▸ **Try it**: Exactly and only the lines from the one with "Chiến Binh Cariel - Chương 13 - ảnh 151" through the last line of the records need to be set down; please skip the pictures.

▸ **Input data**:
============

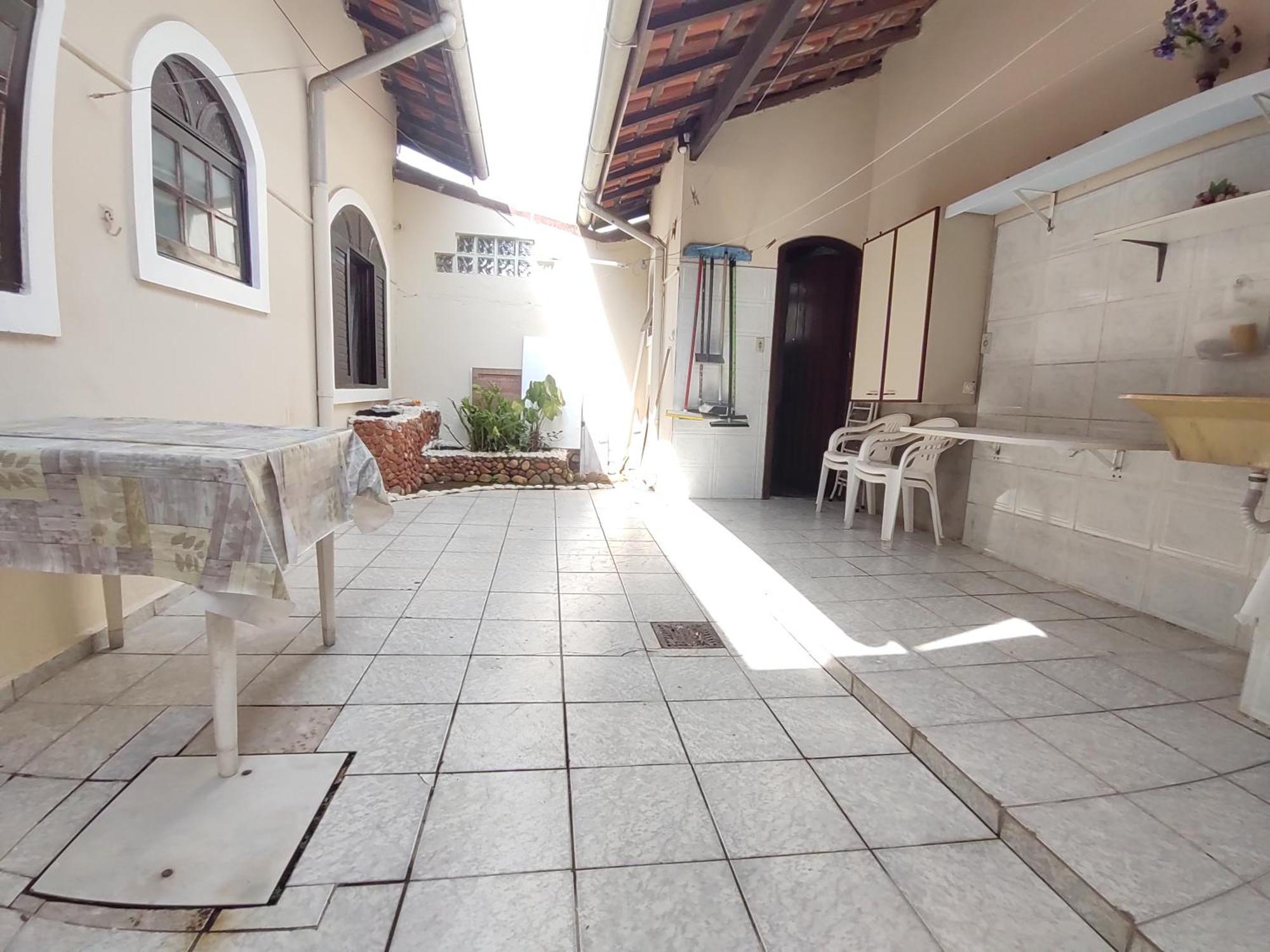Casa Em Condominio เบอร์ทีโอกา ภายนอก รูปภาพ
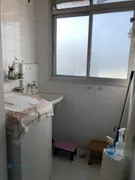 Apartamento com 2 Quartos para alugar, 55m² no Freguesia do Ó, São Paulo - Foto 13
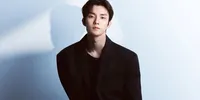 Q The Boyz Gabung Peach Company, Pakai Nama Asli Ji Chang Min Untuk Karier Akting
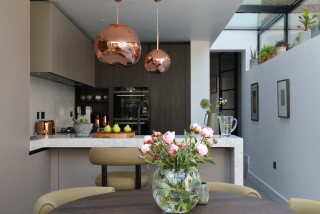 Photo 2 listed on Houzz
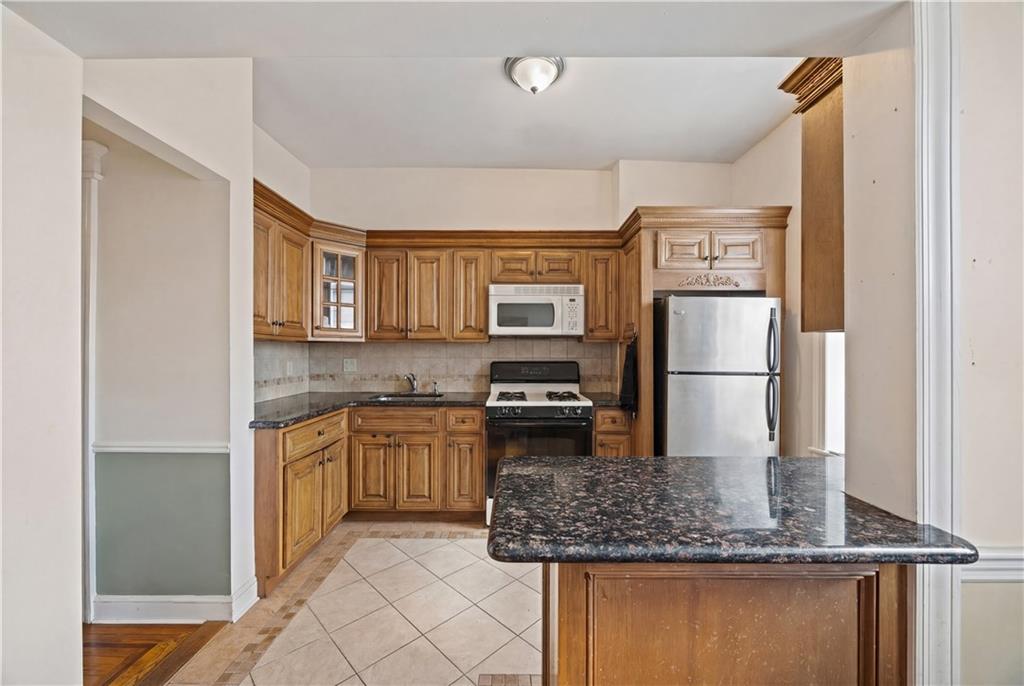 226 61st Street Sunset Park Brooklyn NY 11220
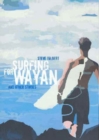 Image for Surfing for Wayan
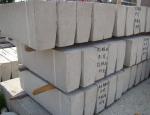 Блок бетонный Б-5 - Продажа объявление в Смоленске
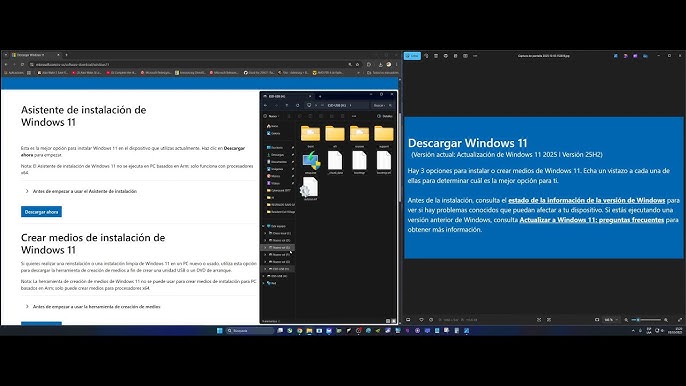 windows 11 25h2 microsoft confirma problemas e oferece solu es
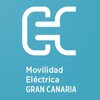 Movilidad Eléctrica GC icon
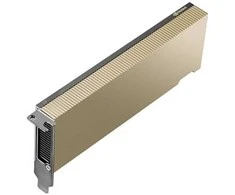 Vaizdo plokštė Grafikos plokštė NVIDIA Tesla L4 Tensor Core GPU - 24GB GDDR6 - Passive Cooling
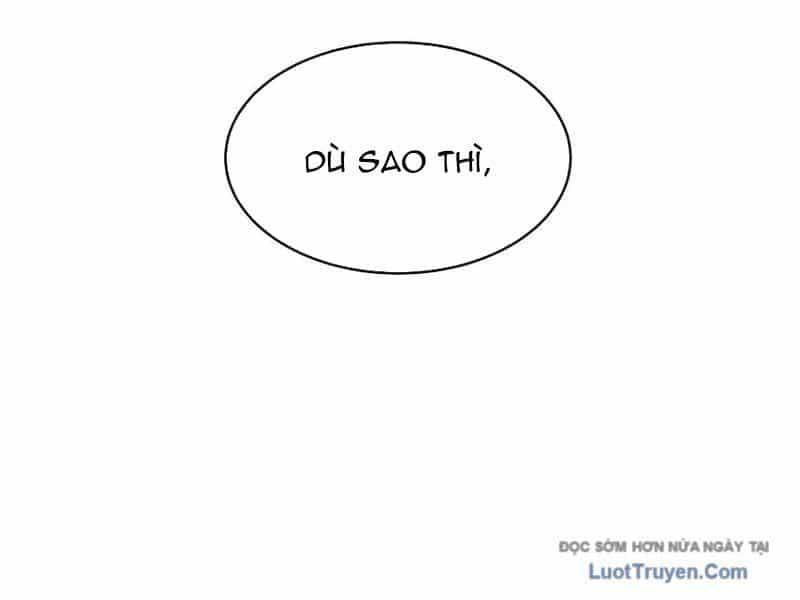 Chiến Binh Cariel - Chương 13 - ảnh 151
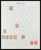 Kavel 1765 (148)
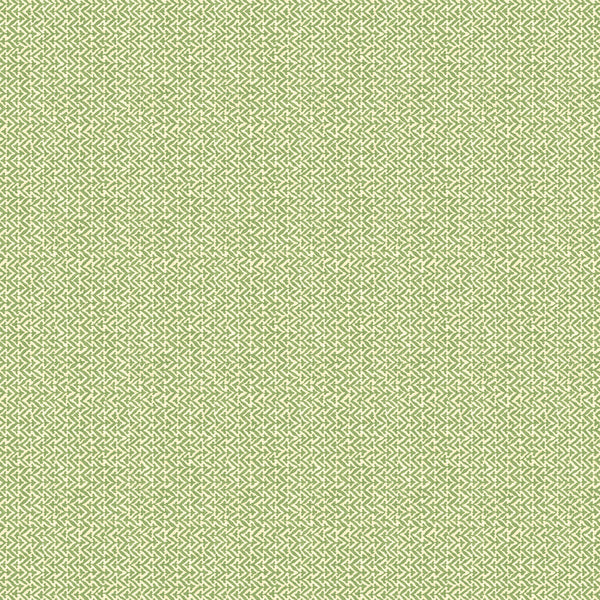 Samples and Purchasing available for Tilly - Green Green By G P & J Baker | House Small Prints Wallpaper |  Wallcovering  at Designer Wallcoverings and Fabrics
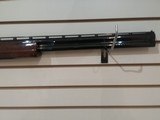Browning Citiori Skeet 12 gauge 28 inch barrel extra pictures added - 6 of 17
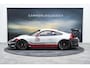 Porsche 911 991.1 GT3 CUP | RACE CAR PORSCHE MOTORSPORT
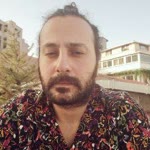 Gökhan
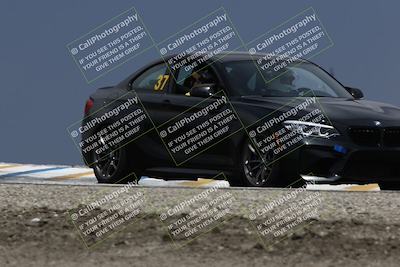 media/May-03-2025-BMW Club of San Diego (Sat) [[6afb605f82]]/B Group/Turn 2/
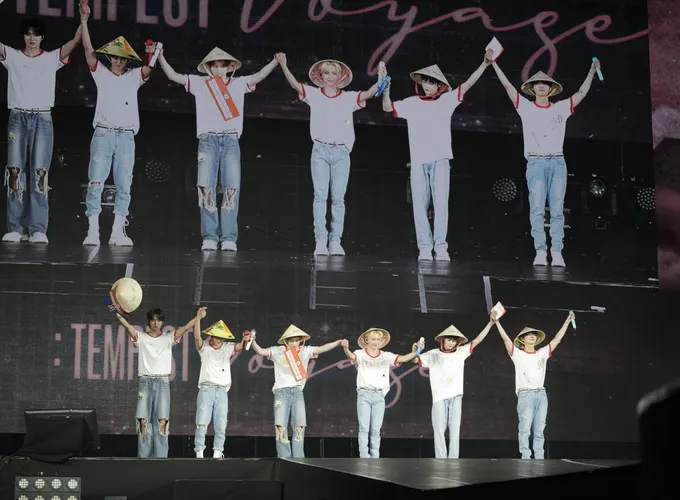 Ảnh chụp Màn hình 2024-06-16 lúc 13.49.33.png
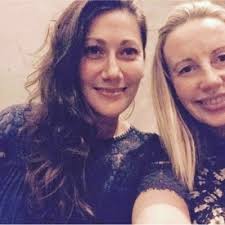 Tomorrow night, the "Secret DNA of Us" launches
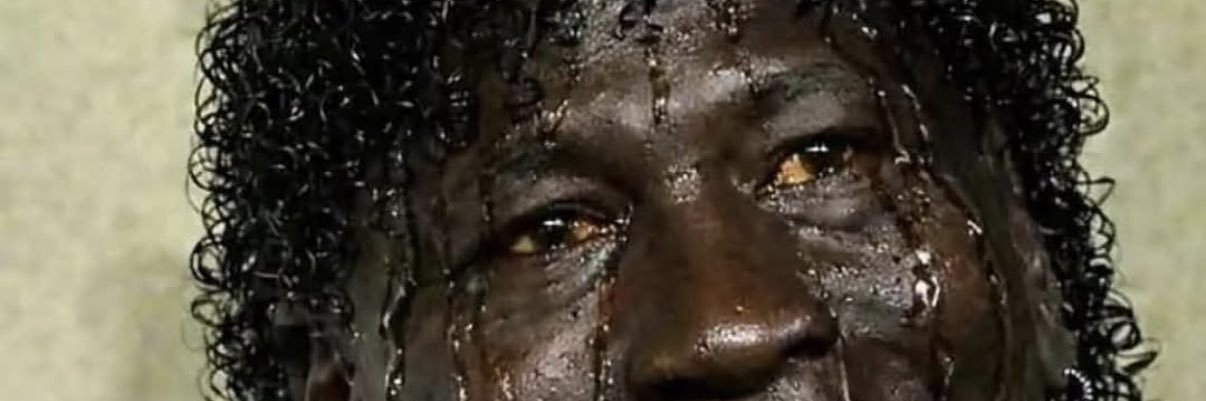 † ᧁꪮᦔᦓꪊꪀ † banner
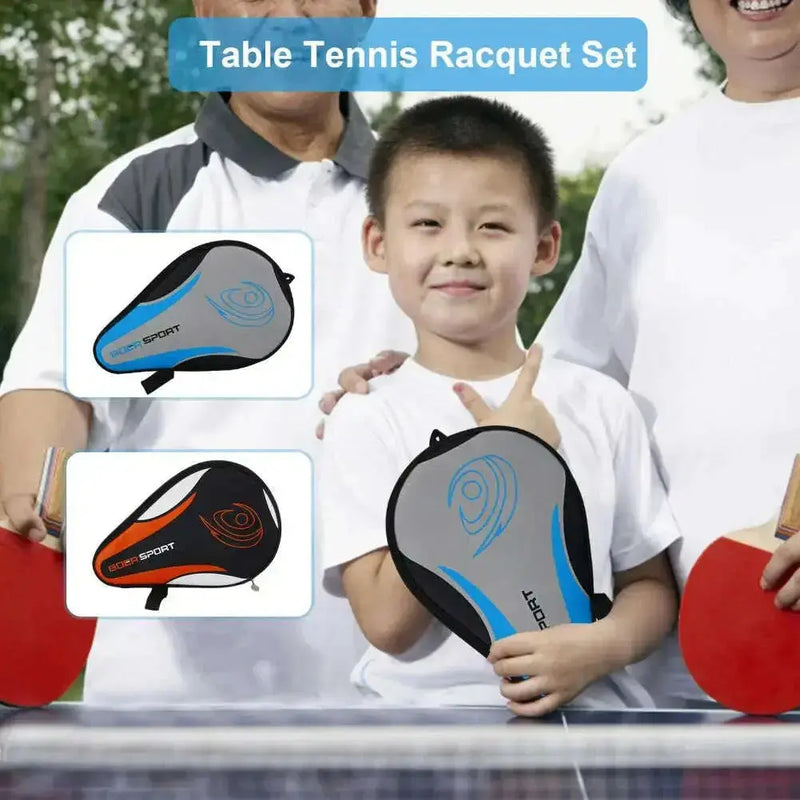 Table-Tennis-Bag-with-Smooth-Zipper-Wrist-Strap-Oxford-Cloth-Table-Tennis-Racket-Training-Ping-Pong-Case-Paddle-Cover-FreeDropship-335699621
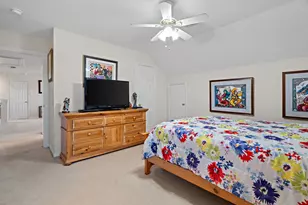 614 Creek View Dr, Prosper, TX 75078 - Photo 22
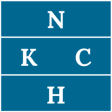 Icon of program: NKCH Bariatric Center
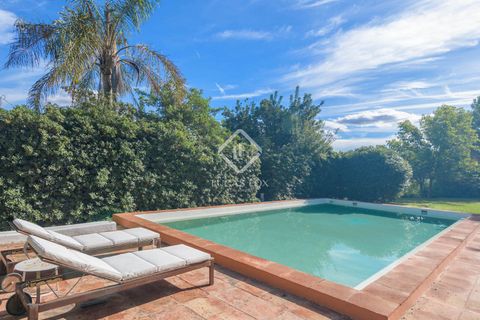 Landejendom i Alora, Malaga, Alora - € 649.000 | Ref: MLG64212 - foto 4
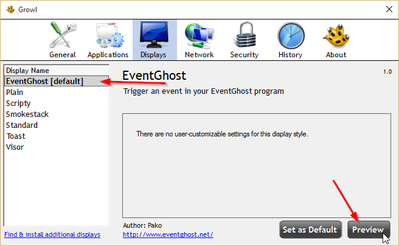 01 Growl EventGhost Display Preview.png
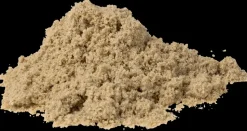 Strandsand 0-2 mm 1000 kg
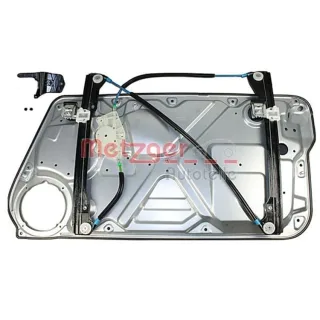 Metzger Fensterheber vorne links VW New Beetle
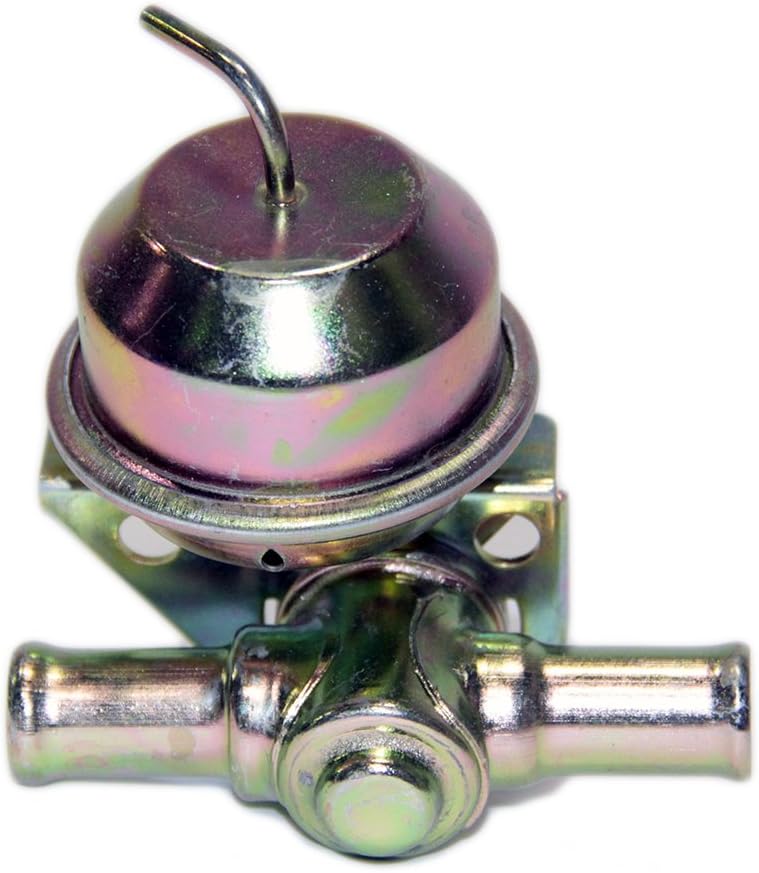 MTC Heater Control Valve for Jaguar Vanden Plas, XJ12, XJ6, XJS | OEM# C-41051 | Heavy Duty - Image 2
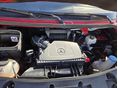 MERCEDES-BENZ SPRINTER 2020/12 - 9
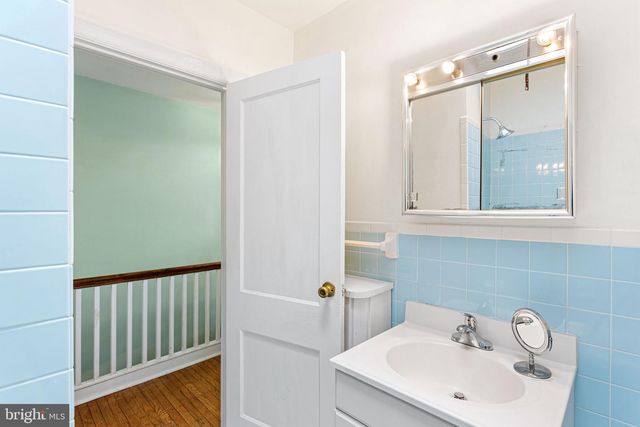 1728 CHURCH LN, Philadelphia, PA 19141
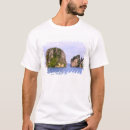 Pesquisar por nga camisetas Aventura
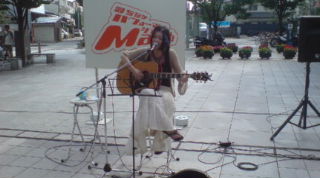 c0150440_7592632.jpg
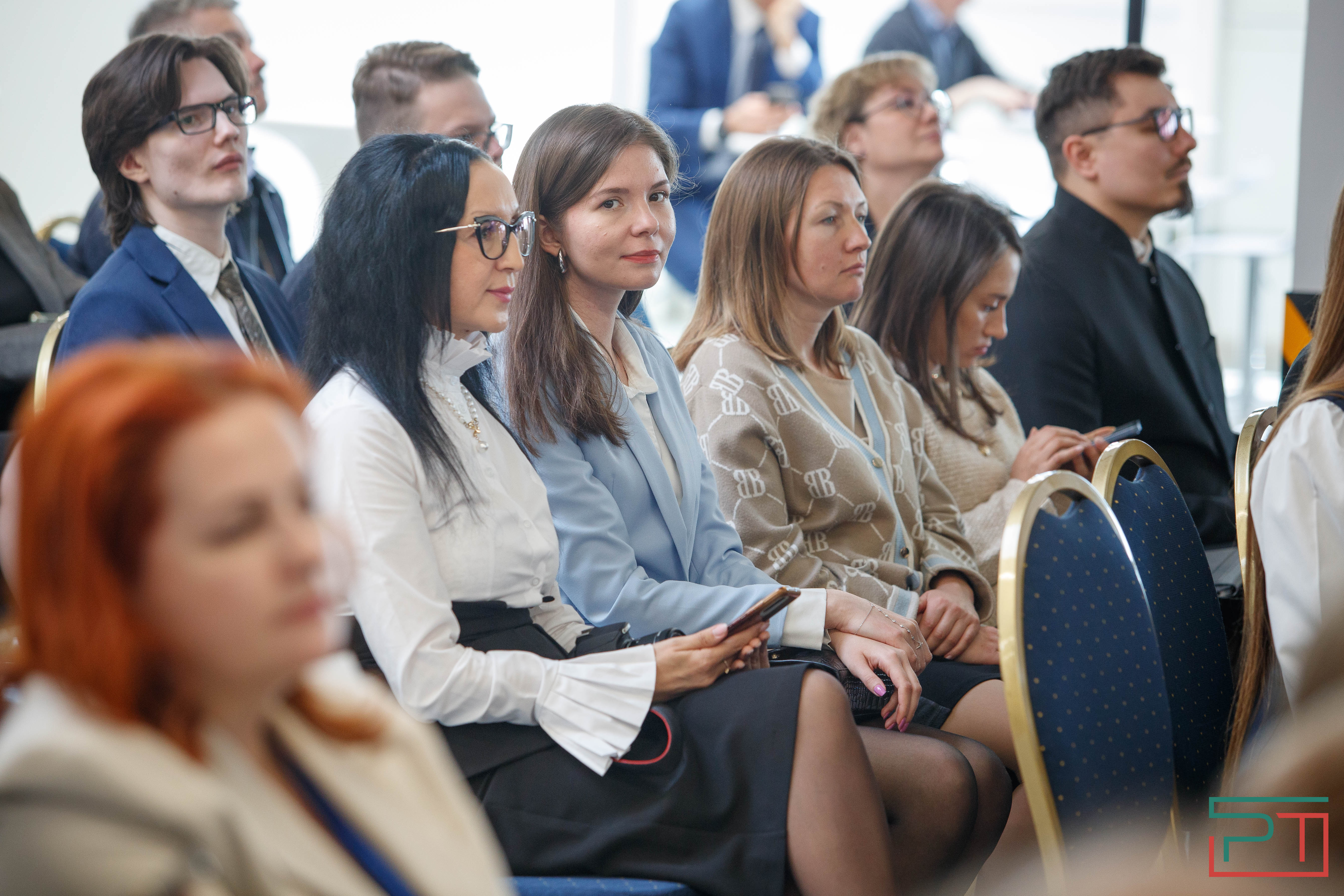 Минниханов встретился с предпринимателями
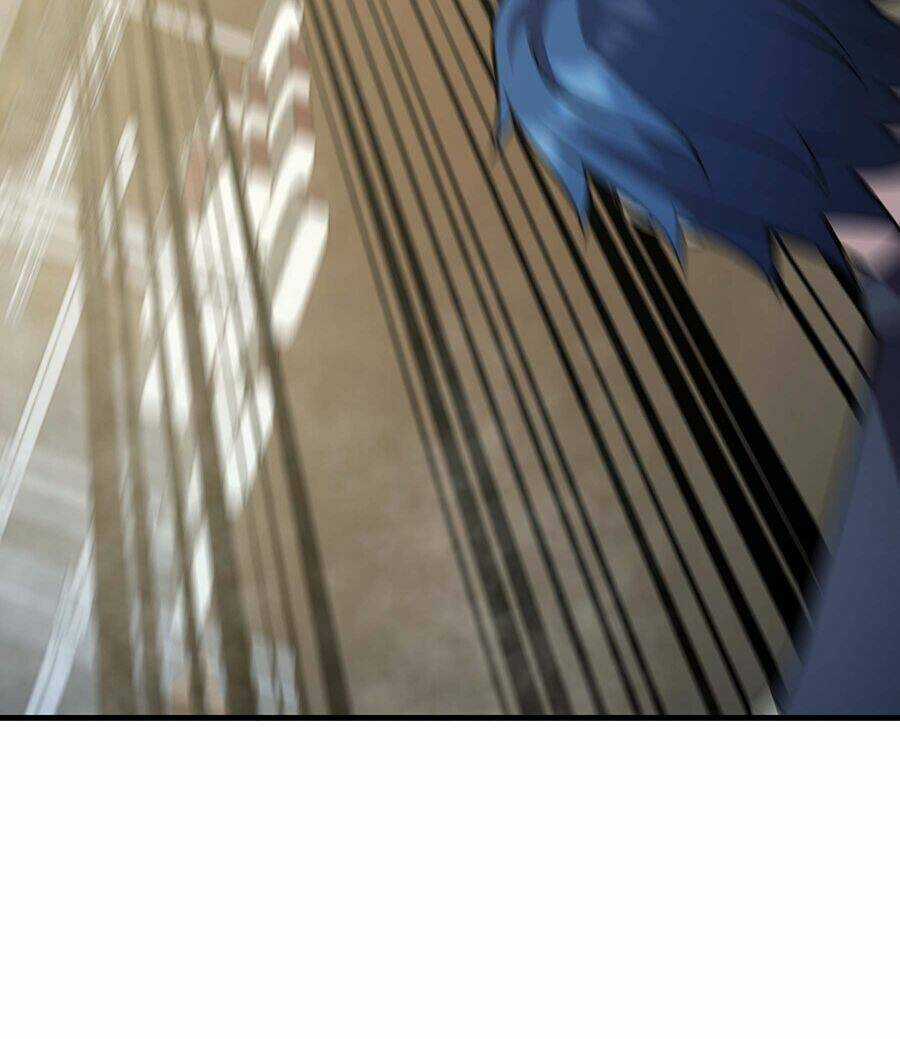 Ma Vương Gian Lận Hệ Thống Chapter 17 trang 9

============

▸ **Result of the exercise**:
 Chiến Binh Cariel - Chương 13 - ảnh 151
 Kavel 1765 (148)
 Samples and Purchasing available for Tilly - Green Green By G P & J Baker | House Small Prints Wallpaper |  Wallcovering  at Designer Wallcoverings and Fabrics
Browning Citiori Skeet 12 gauge 28 inch barrel extra pictures added - 6 of 17
 Porsche 911 991.1 GT3 CUP | RACE CAR PORSCHE MOTORSPORT
 Gökhan
 media/May-03-2025-BMW Club of San Diego (Sat) [[6afb605f82]]/B Group/Turn 2/
 Ảnh chụp Màn hình 2024-06-16 lúc 13.49.33.png
 Tomorrow night, the "Secret DNA of Us" launches
 † ᧁꪮᦔᦓꪊꪀ † banner
 Table-Tennis-Bag-with-Smooth-Zipper-Wrist-Strap-Oxford-Cloth-Table-Tennis-Racket-Training-Ping-Pong-Case-Paddle-Cover-FreeDropship-335699621
 614 Creek View Dr, Prosper, TX 75078 - Photo 22
 Icon of program: NKCH Bariatric Center
 Landejendom i Alora, Malaga, Alora - € 649.000 | Ref: MLG64212 - foto 4
 01 Growl EventGhost Display Preview.png
 Strandsand 0-2 mm 1000 kg
 Metzger Fensterheber vorne links VW New Beetle
 MTC Heater Control Valve for Jaguar Vanden Plas, XJ12, XJ6, XJS | OEM# C-41051 | Heavy Duty - Image 2
 MERCEDES-BENZ SPRINTER 2020/12 - 9
 1728 CHURCH LN, Philadelphia, PA 19141
 Pesquisar por nga camisetas Aventura
 c0150440_7592632.jpg
 Минниханов встретился с предпринимателями
 Ma Vương Gian Lận Hệ Thống Chapter 17 trang 9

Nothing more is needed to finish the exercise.